I think about my experience leaving my parents’ house. And one of my concerns since I was the youngest was like, “God, what is my mom going to do?” That was a concern of mine.
Glennon Doyle:
Yeah.
Amanda Doyle:
Oh, wow.
Abby Wambach:
And a worry of mine.
Amanda Doyle:
That’s interesting
Abby Wambach:
That she spent her whole life, seven children, caring for human beings and I didn’t know what she would do. Now a few years later, she had her first grandbaby and that’s what she ended up doing. But my point is, it is our job to not make them worried about that.
Glennon Doyle:
Agree.
Abby Wambach:
It is our job to have stuff to do, to create novelty, to create adventure, to create things. Because the truth is we cannot control how they think about their childhood.
Glennon Doyle:
It’s never been clearer to me that this moment in parenting, I have always tried to figure out where they are developmentally and what they need from me. And that, I’m good at. I’m reverse engineering my entire life all the time. What version of me is going to be best between the ages of eight and ten? What version of me is going to be… And I was trained as a teacher, so that comes very naturally to me like working backwards that way.
This, Laurel, it feels to me like parenting these older kids is actually, figuring out our approach, Laurel, is just as important as figuring out our approach when they’re one or when they’re three or when they’re five. The answer is not, “Well, that’s it. Fuck it, I’m on my own.” It’s just a different version of parenting that maybe requires 10 times as much wisdom. And 10 times as much attention actually, in different ways.
I think I had this idea that grownups have kids. People who have grown up have children, and then they help their children grow up. What I now understand is that I have been growing up alongside my kids since the day that they were born. That I was a baby when I got pregnant with my oldest. And that, with the consciousness that I had all along, I grew up the best way that I knew how while also helping another little one grow up.
Which has been hard and tricky and messy. And there’s probably a million things that I’d do differently with this consciousness. Except no, because then I wouldn’t want them to be any different than they are. So maybe not even that.

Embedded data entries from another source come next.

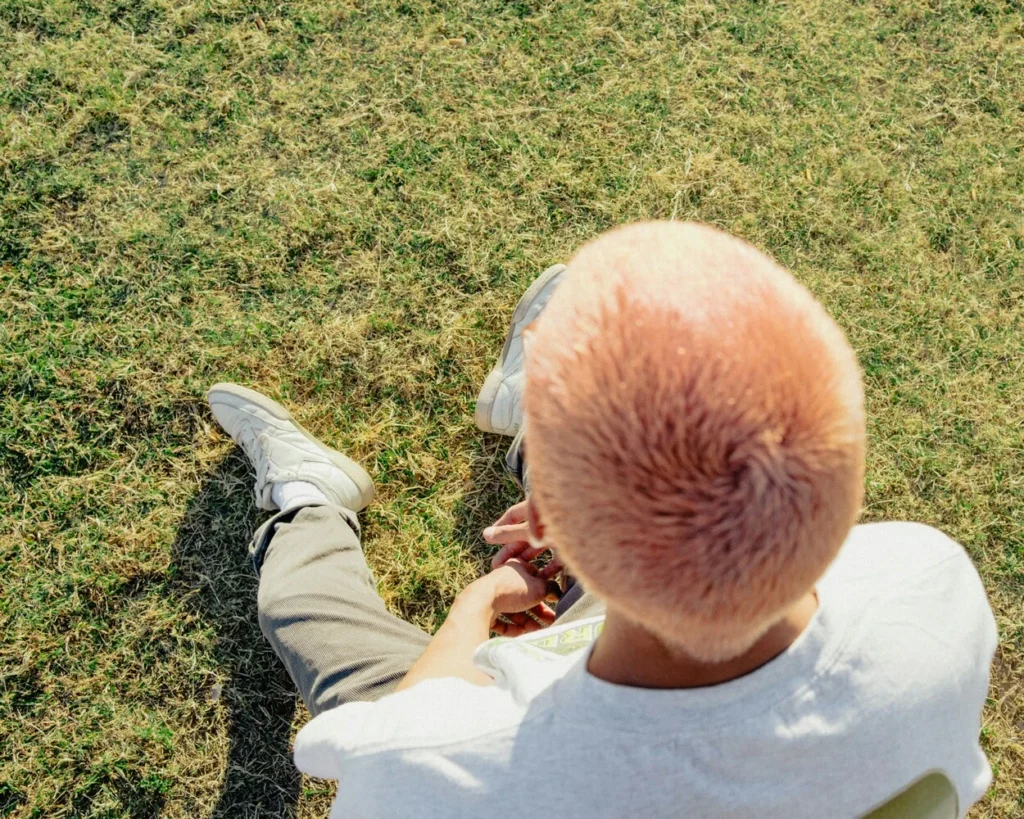 Mars in Pisces introspective mood, person with pink hair sitting alone on grass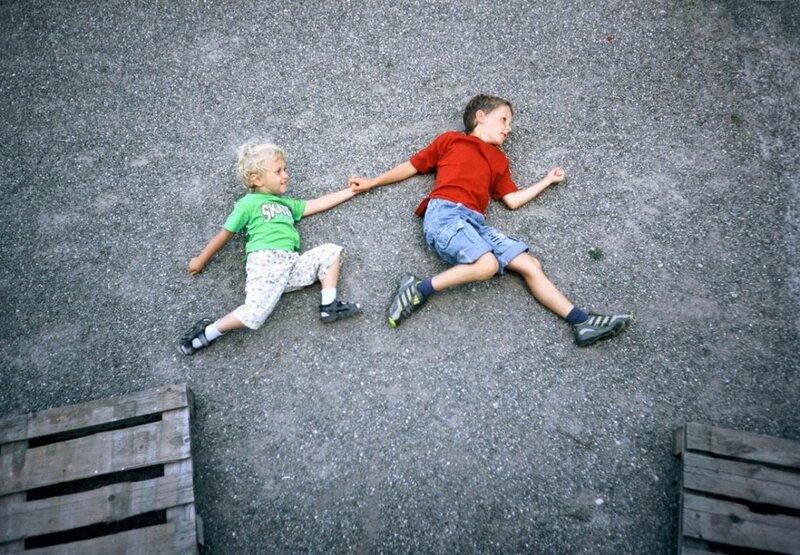 Two Boys Holding Hands — Gray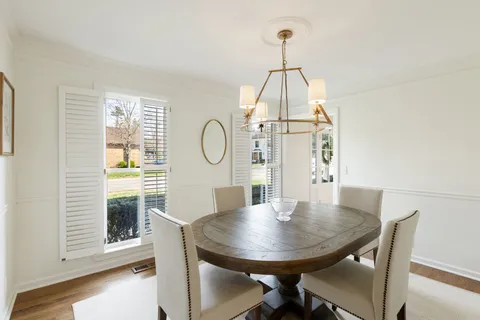 a view of a dining room with a table and chairs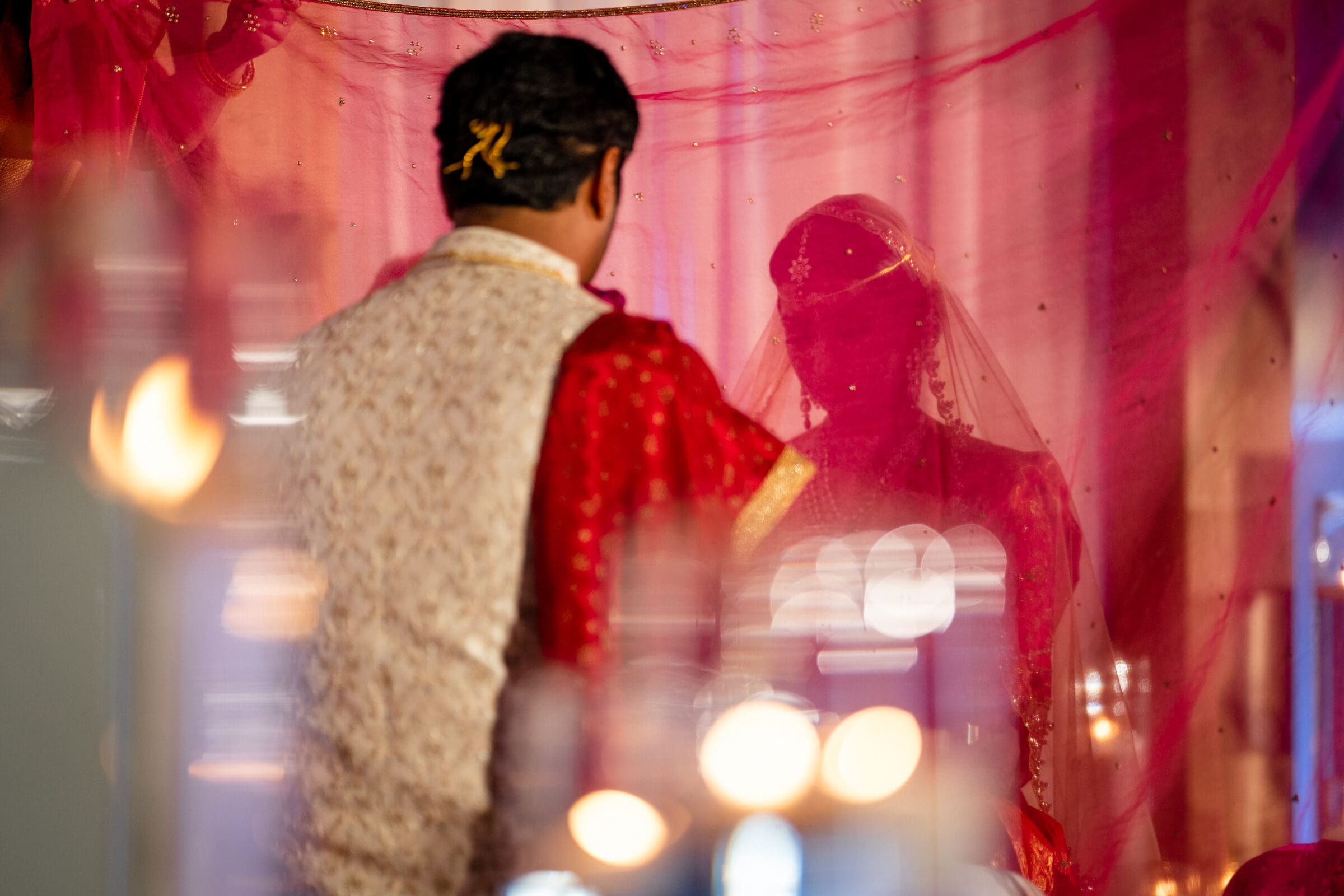 A couple in traditional attire stands in front of a pink backdrop. The groom faces away, wearing a gold and red outfit, while the bride, adorned with jewelry, appears partially obscured by soft lighting and a veil.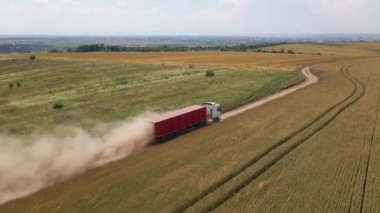 Tarım buğday tarlaları arasında toprak yolda giden kargo kamyonunun hava görüntüsü çok toz yapıyor. Hasat mevsiminde hasatçıların topladığı tahıl naklinden sonra..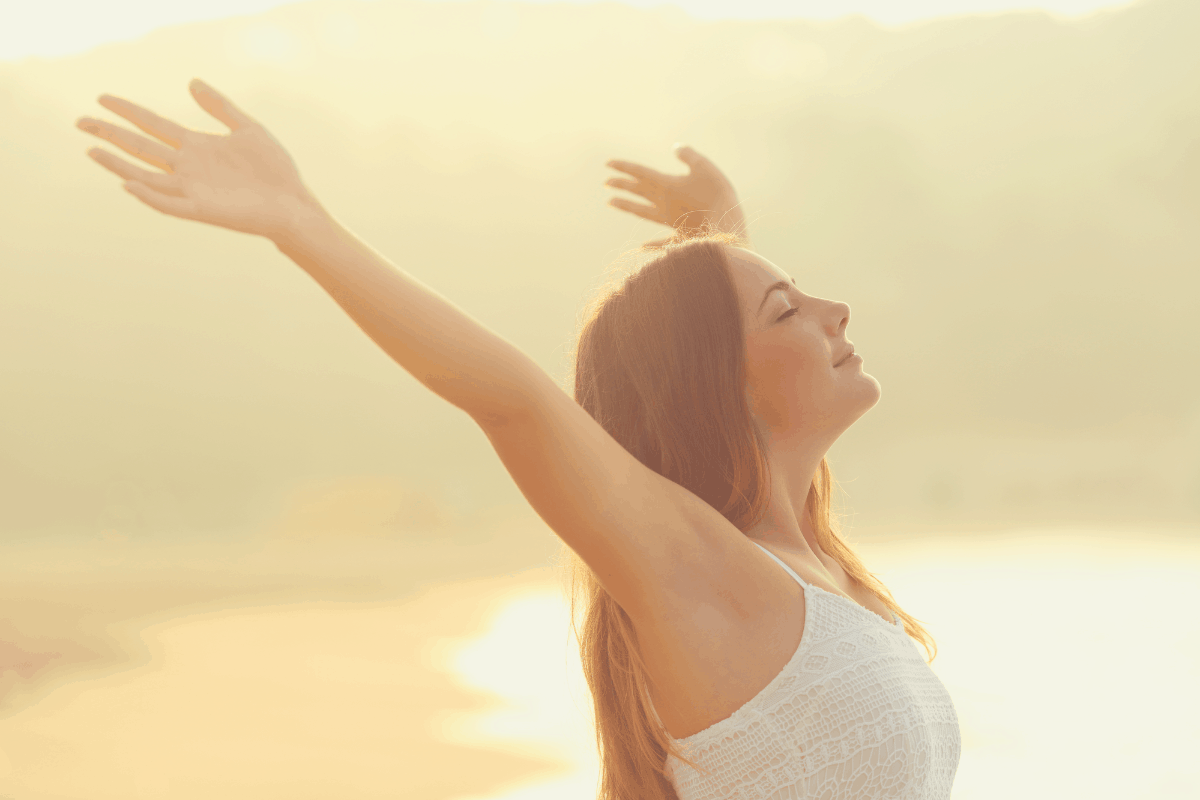 woman taking deep breaths outdoor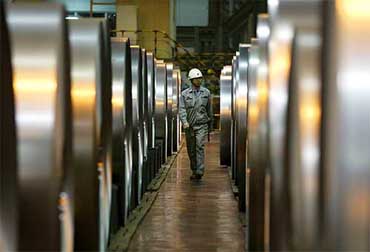 A worker walks past rolls of tin plate at a Baosteel plant on the outskirts of Shanghai 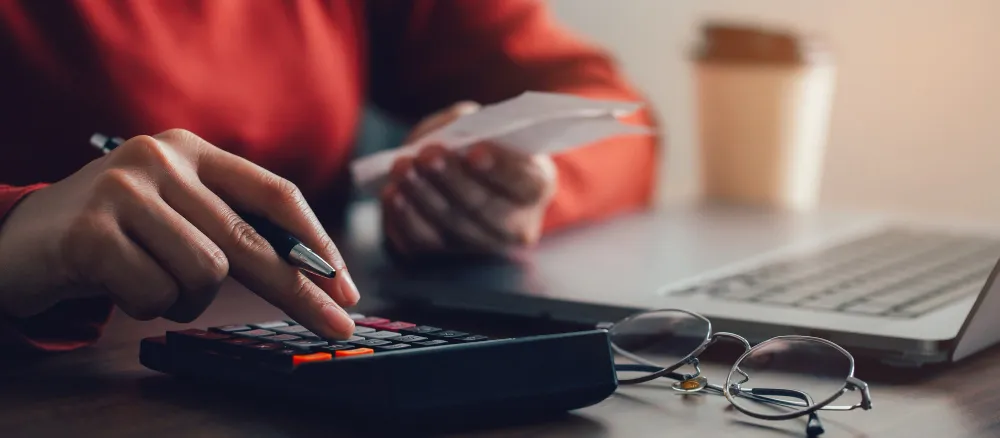 Mão com calculadora e papéis, imposto de renda sobre venda de imóvel na holding é menor?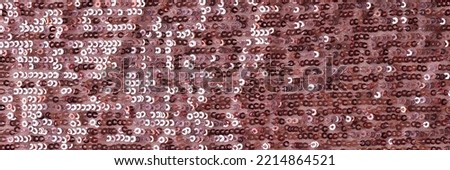 Rectangular red shiny fabric with sequins. Burgundy fabric and bright texture concept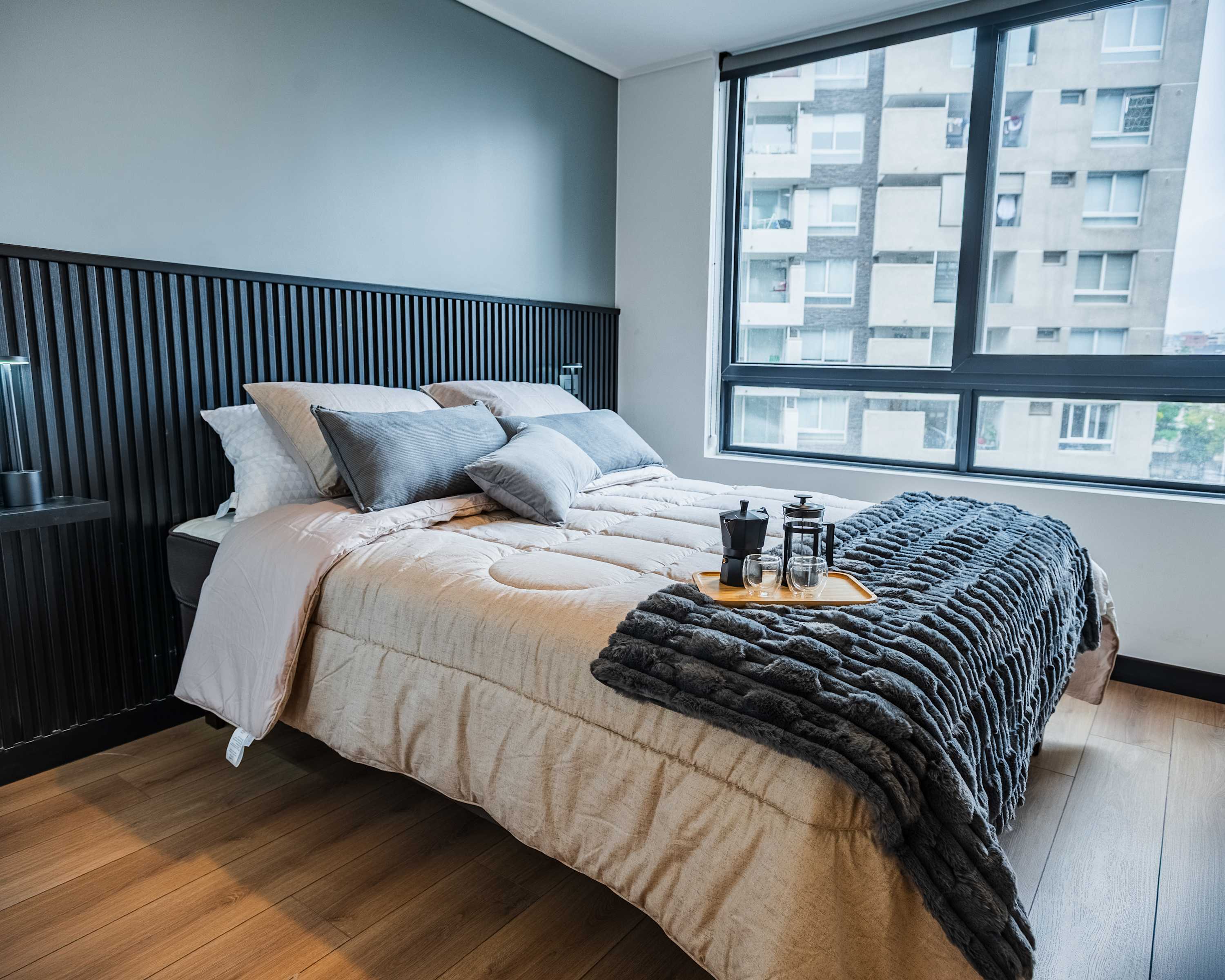 Private bedroom with a black slatted headboard, layered bedding, and a coffee tray beside large windows overlooking the surrounding city.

So I think that this moment, it requires just massive skillful amounts of compassion for our little ones, who are going to have so many questions for us about why we did what we did. And we’re not going to be able to answer half of them. And such simultaneous compassion for ourselves because we are still growing up, and we were growing up the whole time. And we made this ridiculous decision to raise people while raising ourselves. And that is hard.
In this time going forward, I want to have that soft front and strong back. Meaning, I want to be a space where my older kids can have questions and criticism and I can handle it. I can handle it. That I don’t have any shame because shame shuts everything down. This time in our life is a call for zero, whatever the equivalent of white fragility is. Parental fragility. This is not a time for fragility. This is a time for, I can be so open to all of your questions because I know how much compassion I have for myself.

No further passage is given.